The Company will pay the Audit Committee Chairman an additional annual fee of $10,000, payable quarterly in advance on the first business day of each calendar quarter, prorated for the period of service in the year, for the services as the Audit Committee Chairman.

 

The Company will pay the Chairmen of any other committee of the Board an additional annual fee of $5,000, payable quarterly in advance on the first business day of each calendar quarter, prorated for the period of service in the year, for services as a Committee Chairman.

 

There is no additional compensation paid to members of any committee of the Board. Interested (i.e.
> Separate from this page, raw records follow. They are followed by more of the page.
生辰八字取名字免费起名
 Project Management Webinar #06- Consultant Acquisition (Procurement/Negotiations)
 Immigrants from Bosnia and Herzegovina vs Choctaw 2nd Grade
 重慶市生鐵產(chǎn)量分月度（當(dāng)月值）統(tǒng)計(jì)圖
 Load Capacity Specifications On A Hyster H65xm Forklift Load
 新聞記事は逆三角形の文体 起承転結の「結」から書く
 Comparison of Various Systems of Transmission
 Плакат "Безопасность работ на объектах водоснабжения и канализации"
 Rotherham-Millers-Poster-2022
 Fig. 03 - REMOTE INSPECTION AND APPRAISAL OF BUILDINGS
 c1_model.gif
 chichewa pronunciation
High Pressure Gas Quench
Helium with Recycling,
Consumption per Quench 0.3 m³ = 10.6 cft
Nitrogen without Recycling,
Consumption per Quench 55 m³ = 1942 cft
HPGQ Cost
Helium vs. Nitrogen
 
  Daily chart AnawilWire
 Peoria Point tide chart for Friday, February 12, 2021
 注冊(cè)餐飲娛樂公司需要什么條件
Executive directors) serving on the Board do not receive compensation for their Board service.

 

Each director is responsible for the payment of any and all income taxes arising with respect to the issuance of common stock and the vesting and settlement of RSUs.

 

The Company will also reimburse directors for out-of-pocket expenses incurred in attending Board and committee meetings and undertaking certain matters on the Company’s behalf.

 

Appointment of Committees

 

At a meeting of the Board of Directors after the Annual Meeting, the Board took action to appoint the following committees and the committee members:

 

Audit Committee:

 

Nicholas J. Etten (Chairman)
James R. Shipley
Matthew Tarallo

 

Compensation Committee:

 

James R. Shipley (Chairman)
Nicholas J. Etten
Marion Mariathasan

 

Nominations Committee:

 

Marion Mariathasan (Chairman)
Matthew Tarallo
Nicholas J. Etten

 

 

 

 

SIGNATURES

 

Pursuant to the requirements of the Securities Exchange Act of 1934, the Registrant has duly caused this report to be signed on its behalf by the undersigned hereunto duly authorized.

 

Date: December 18, 2024 CEA Industries Inc.